**Task details:** Write out all of the records precisely. Skip anything that is a picture.

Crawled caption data

——————————

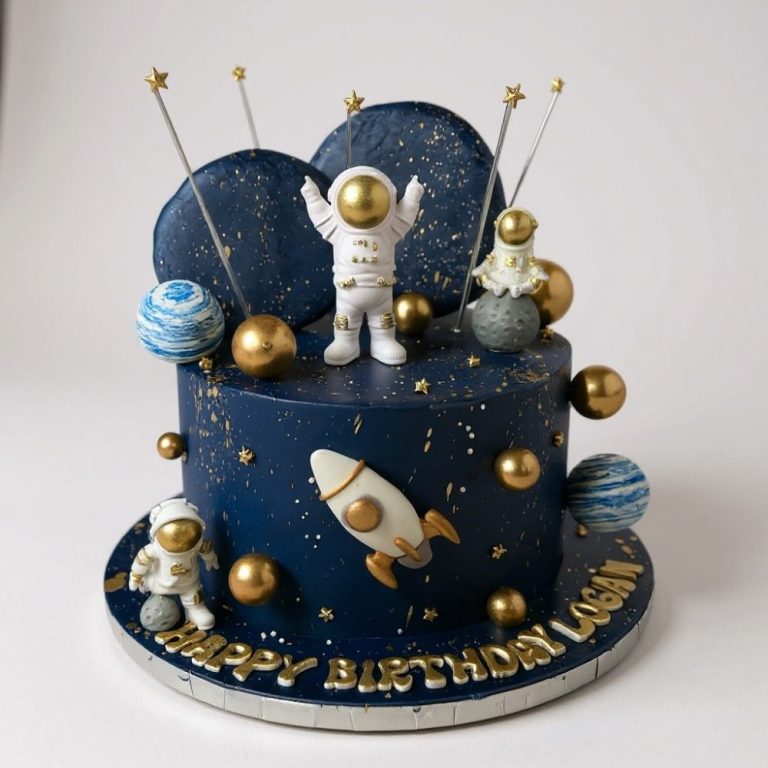 Astronaut Cake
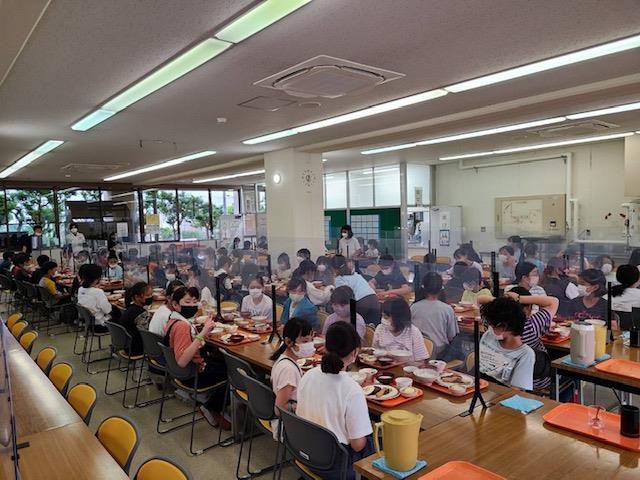 夕食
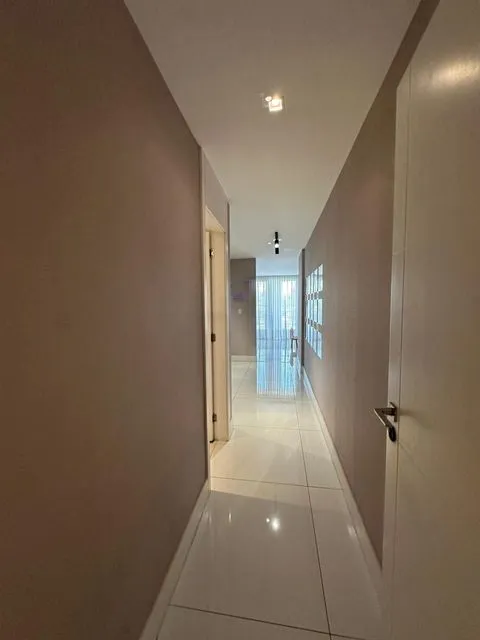 Condo house with 4 bedrooms and 5 bathrooms — photo 13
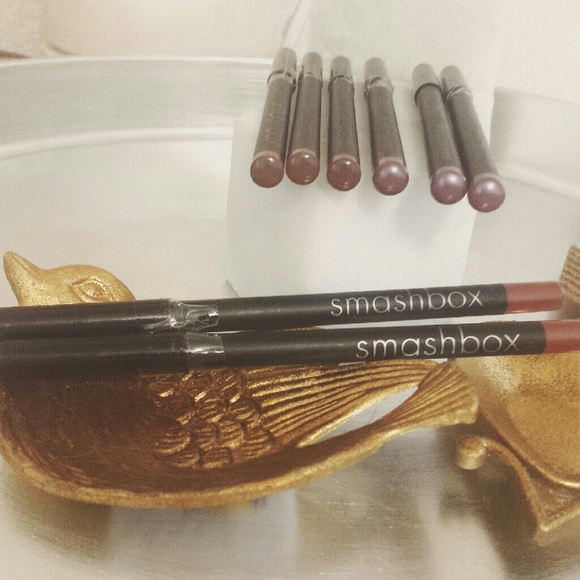 👑 2 Smashbox Smashing Lip Liners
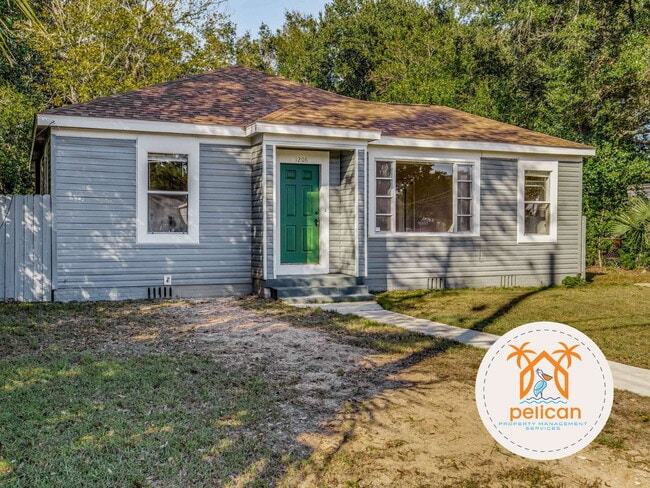 Building Photo - Cozy 2 Bedroom House with Large Yard in Pe...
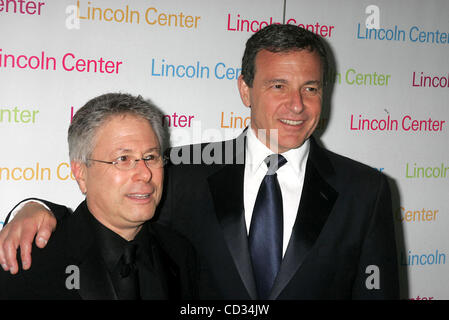 9. April 2008 ehrt - New York, New York, USA - LINCOLN CENTER ANNUAL SPRING GALA, ROBERT A. IGER, PRESIDENT und CEO der WALT DISNEY COMPANY. LINCOLN CENTER 09.04.2008.       2008..ROBERT A. IGER MIT ALAN MENKIN. K57811RM (Kredit-Bild: © Rick Mackler/Globe Photos/ZUMAPRESS.com) Stockfoto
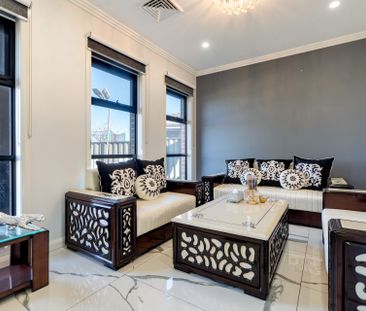 Luxurious Family Home! - Photo 1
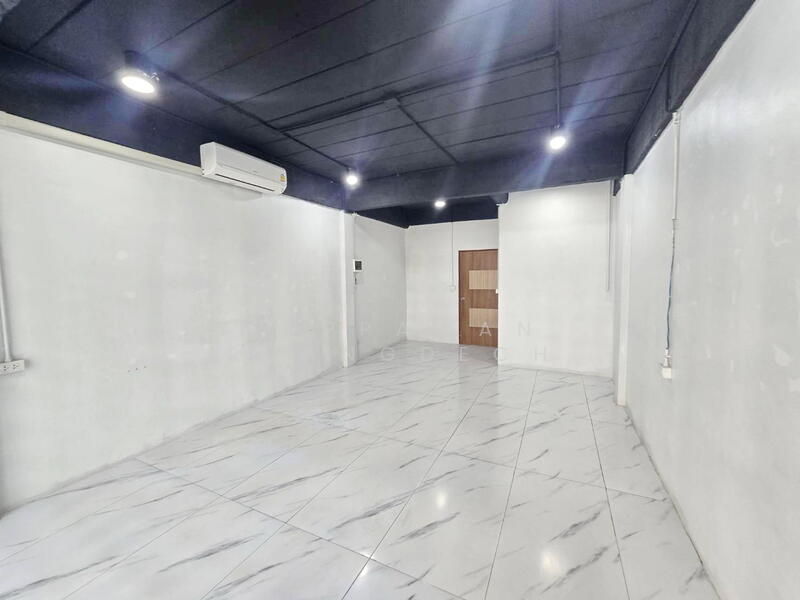 For Rent - ให้เช่า ตึกแถว 4.5 ชั้น เล่นระดับ ซอยศรีนครินทร์ 24, Bangkok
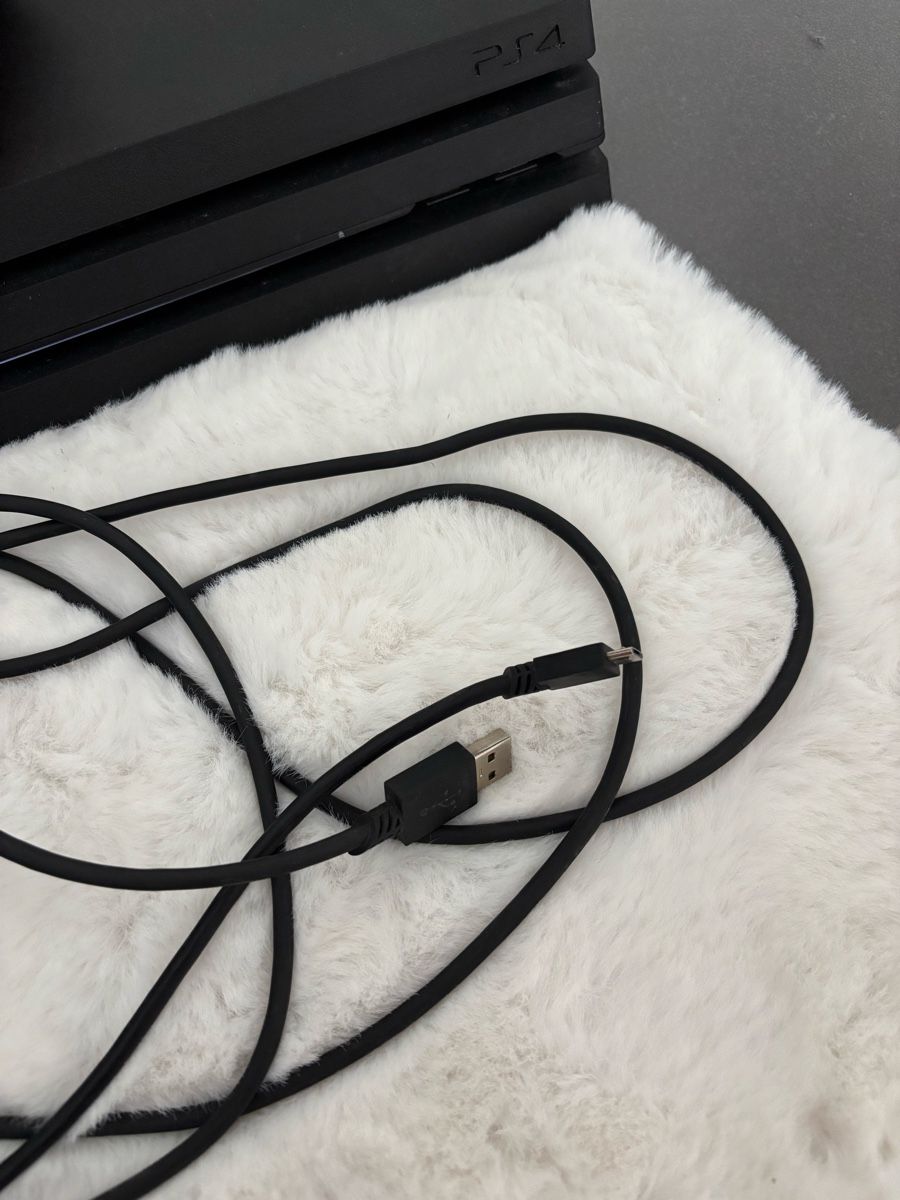 Sony Consoles: Playstation 4 mit zwei Controllern  – D'occasion à Alchenflüh par flower_xx 2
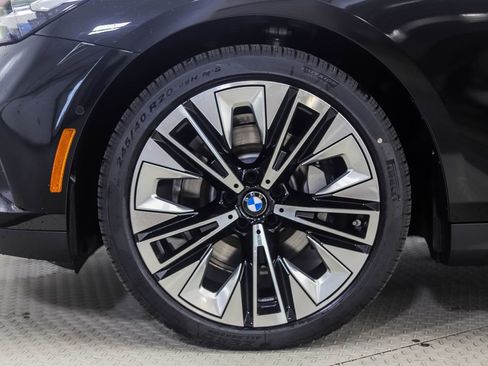 New 2026 BMW 530i xDrive w/ Premium Package image 2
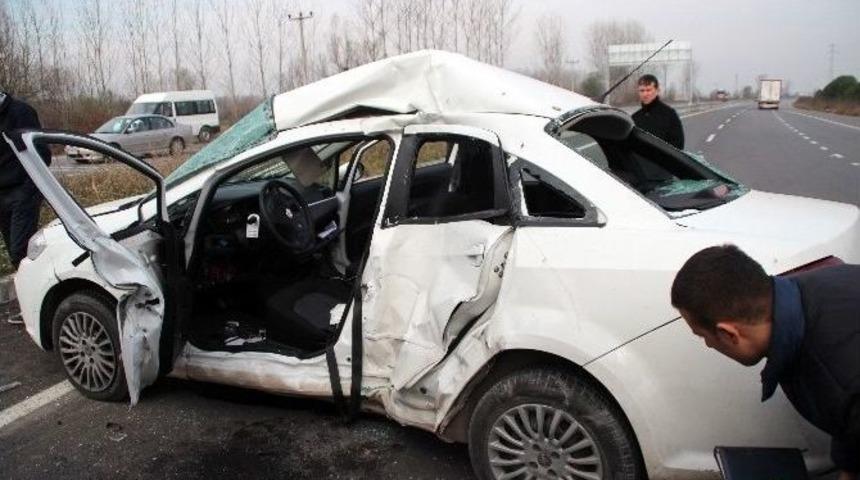 Tır Kavşağa Giren Otomobile &Ccedil;arptı: 2 Yaralı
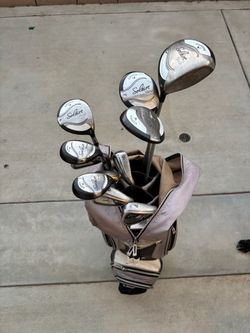 Right-Handed Women’s Calloway Solaire Golf Club Set With Bag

——————————

**Exercise answer:**
 Astronaut Cake
 夕食
 Condo house with 4 bedrooms and 5 bathrooms — photo 13
 👑 2 Smashbox Smashing Lip Liners
 Building Photo - Cozy 2 Bedroom House with Large Yard in Pe...
 9. April 2008 ehrt - New York, New York, USA - LINCOLN CENTER ANNUAL SPRING GALA, ROBERT A. IGER, PRESIDENT und CEO der WALT DISNEY COMPANY. LINCOLN CENTER 09.04.2008.       2008..ROBERT A. IGER MIT ALAN MENKIN. K57811RM (Kredit-Bild: © Rick Mackler/Globe Photos/ZUMAPRESS.com) Stockfoto
 Luxurious Family Home! - Photo 1
 For Rent - ให้เช่า ตึกแถว 4.5 ชั้น เล่นระดับ ซอยศรีนครินทร์ 24, Bangkok
 Sony Consoles: Playstation 4 mit zwei Controllern  – D'occasion à Alchenflüh par flower_xx 2
 New 2026 BMW 530i xDrive w/ Premium Package image 2
 Tır Kavşağa Giren Otomobile &Ccedil;arptı: 2 Yaralı
 Right-Handed Women’s Calloway Solaire Golf Club Set With Bag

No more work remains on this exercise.